Testing is one way to ease concerns. But it is tough to get a COVID-19 test in New Jersey right now. There was a very long line for testing in Hoboken on Thursday. Most were there for a pre-holiday test, just in case.
“We are traveling for Christmas, and I just wanted to get tested quick before we do that with the family,” says Brandon McKeowan, of Hoboken.
Even if the tests are negative and even if everyone in the family feels OK, experts say that one can’t play it too safe when it comes to Omicron.

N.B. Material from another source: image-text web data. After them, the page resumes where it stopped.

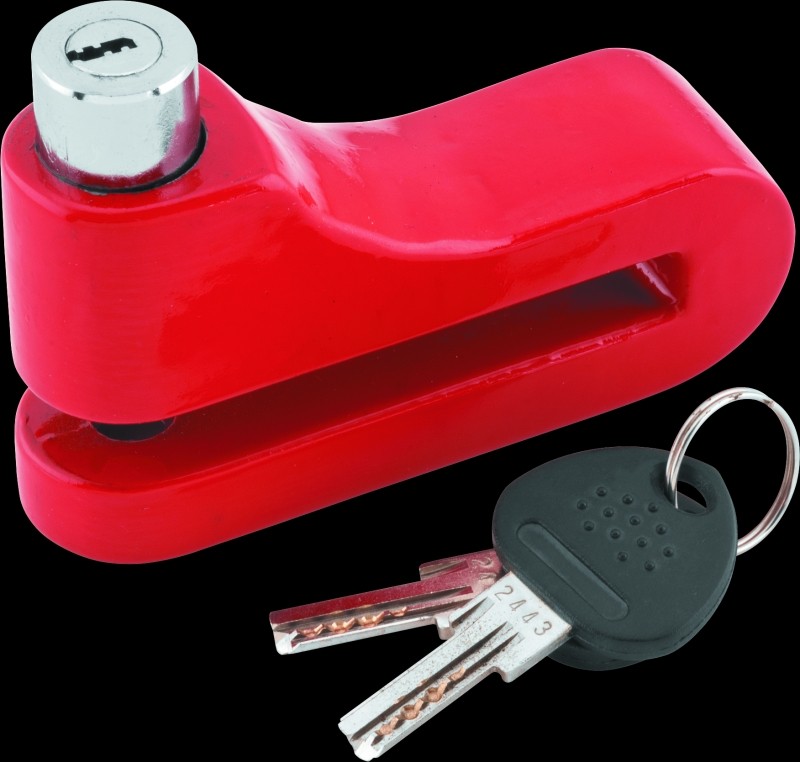 BikeMaster Bully Lock Disc Lock 10mm - Red 132249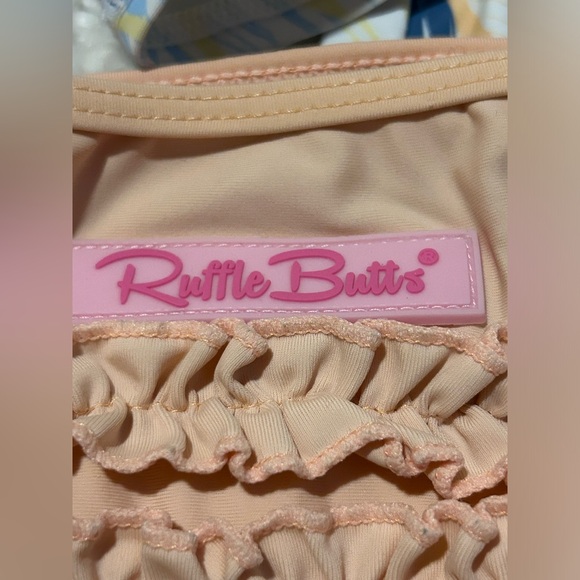 k5 Rufflebutts 2 piece swimsuit rash gaurd  18-24m Birds of Paradise - Picture 3 of 6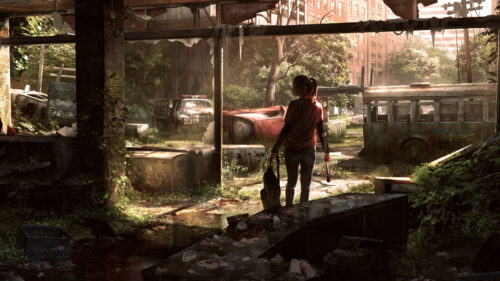 Post-Apocalyptic Scavenger Exploration 4K Wallpaper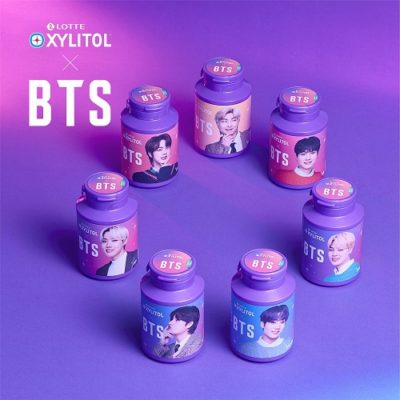 BTS purple gum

Those gatherings in groups should consider keeping masks on in the house when company is over. When eating or drinking, people should be spaced out or even sitting at separate tables. Also consider keeping doors and windows open.
“Air circulation in a room is really important. A room that has all the windows and doors closed – much easier to spread virus. So, if you can keep the windows open, keep a door open, that’s really going to help protect,” Nachman says.
Nachman and others in the medical community say that the best protection is still to get vaccinated and get the booster shot when eligible.